For this specific example you can actually avoid both do and >>= by using combinators from Control.Applicative:
module Main where
import Control.Applicative ((<$>), (<*>), (<*))
getInput :: IO (String, String)
getInput = (,) <$> getLine <* putStrLn "enter second line" <*> getLine
main = print =<< getInput
Which works as expected:
travis#sidmouth% ./Main
hello
enter second line
world
("hello","world")
It looks a little weird at first, but in my opinion the applicative style feels very natural once you're used to it.
I would strongly suggest you to read the chapter Desugaring of Do-blocks in the book Real-World haskell. It tells you, that you all are wrong.

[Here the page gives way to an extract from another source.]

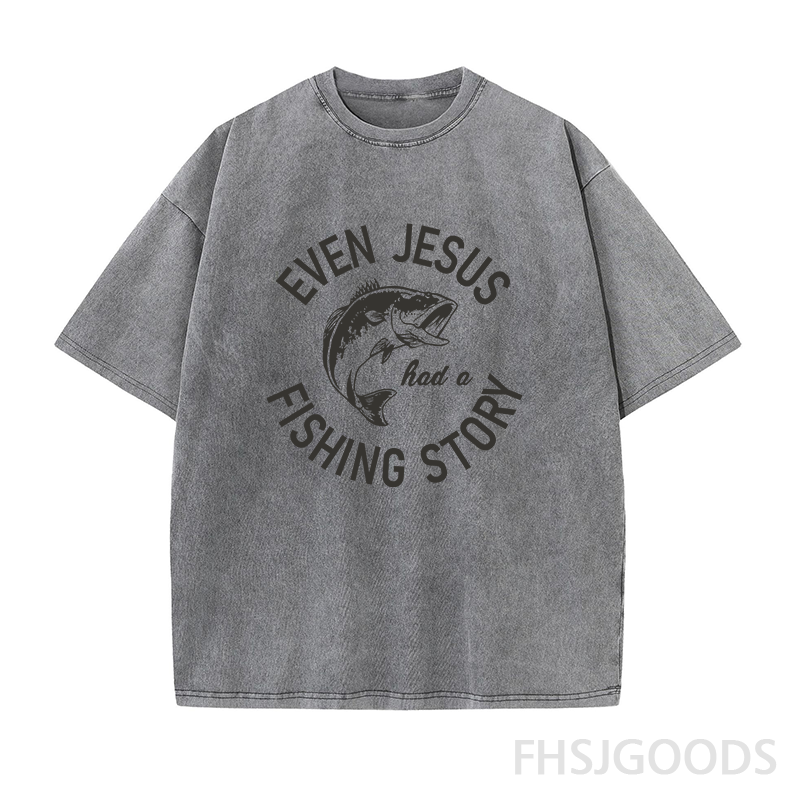 Even Jesus Had A Fishing Story Unisex Distressed T-Shirt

For a programmer, it's the natural way to use a lambda, but the do-block is implemented using functions which - if a pattern maching failuire occurs - will call the fail implementation of the according monad.

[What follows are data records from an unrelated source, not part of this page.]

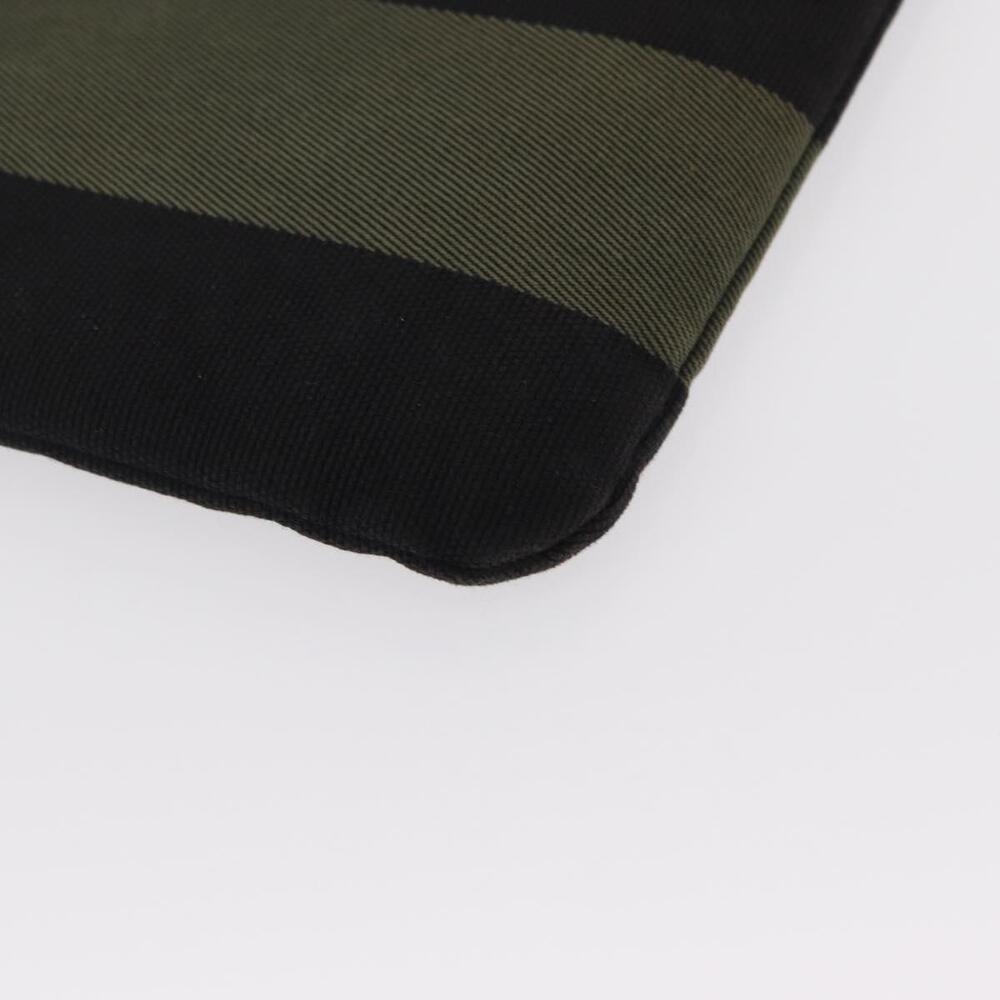 SAINT LAURENT Clutch Bag Canvas Leather Black Khaki Silver Auth mr1652 - Picture 15 of 16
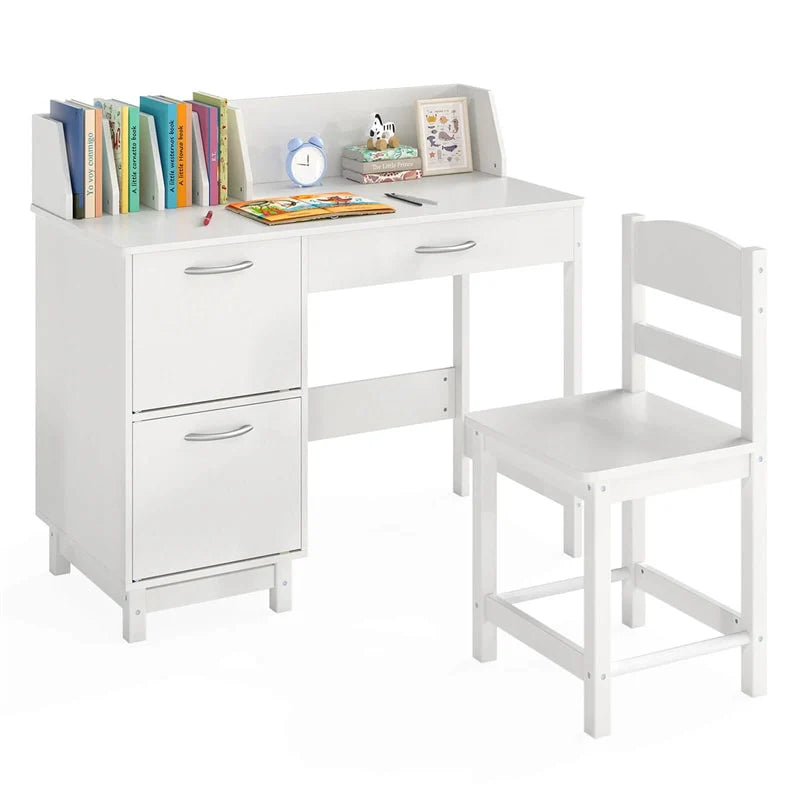 Wooden Kids Desk and Chair Set with Hutch, Storage Drawer & Cabinet - Product image 12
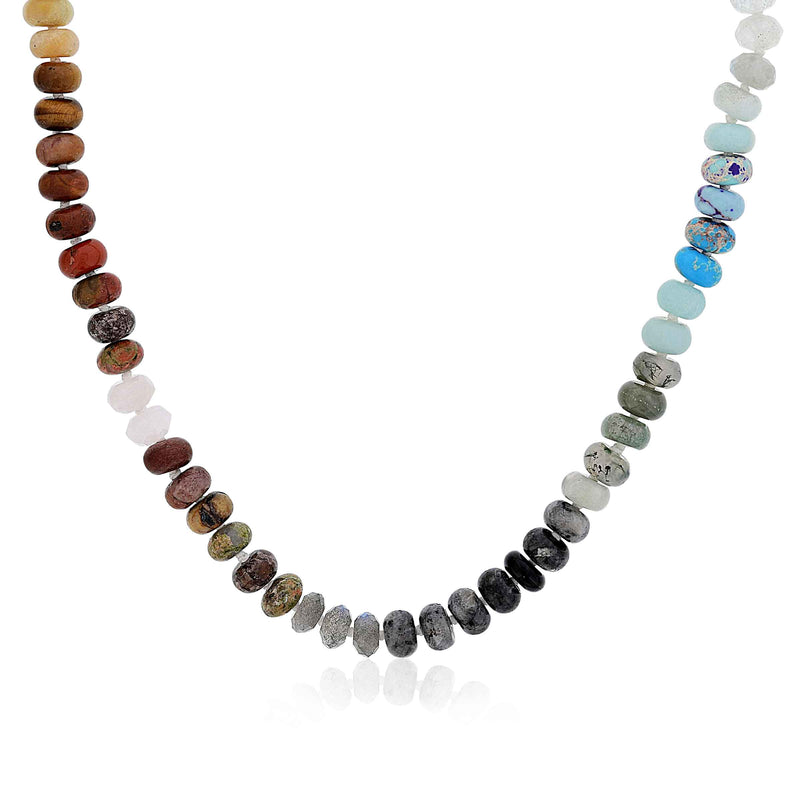 Amazonite, Labradorite, Turquoise and Wood Beads Necklace, 20 Inches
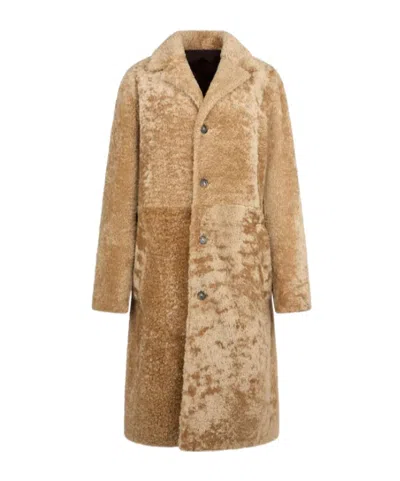 Tod's Button Shearling Coat In Brown
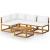 Set mobilier grădină cu perne, 5 piese, crem, lemn masiv acacia GartenMobel Dekor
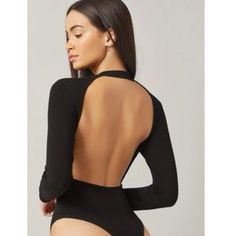 New With Tags! Sexy Backless Black Bodysuit! Perfect Staple For Fall And Winter Or For A Night Out Size Medium / 6 Snap Closure Bodycon Bodysuit, Mock Neck And T Shirt, Backless Bodysuit, Ribbed Knit Bodysuit, Comfy Jumpsuits, Sleeveless Bodysuit, Womens Bodysuit, Black Bodysuit, Black Pattern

For instance, your case is like:
let f x =
putStrLn "enter second line" >>
let g y = return (x,y)
g _ = fail "Pattern mismatched"
in getLine >>= g
f _ = fail "Pattern mismatched"
in getLine >>= f
In a case like this, this may be completely irrelevant. But consider some expression that involves pattern-matching. Also, you can use this effect for some special stuff, eg, you can do something like this:
oddFunction :: Integral a => [a] -> [a]
oddFunctiond list = do
(True,y) <- zip (map odd list) list
return y
What will this function do? You can read this statement as a rule for working with the elements of the list. The first statement binds an element of the list to the var y, but only if y is odd. If y is even, a pattern matching failure occurs and fail will be called. In the monad instance for Lists, fail is simply []. Thus, the function strips all even elements from the list.
(I know, oddFunction = filter odd would do this better, but this is just an example)
getLine >>= \line1 ->
putStrLn "enter second line" >>
getLine >>= \line2 ->
return (line1, line2)
Generally foo <- bar becomes bar >>= \foo -> and baz becomes baz >> (unless it's the last line of the do-block, in which case it just stays baz).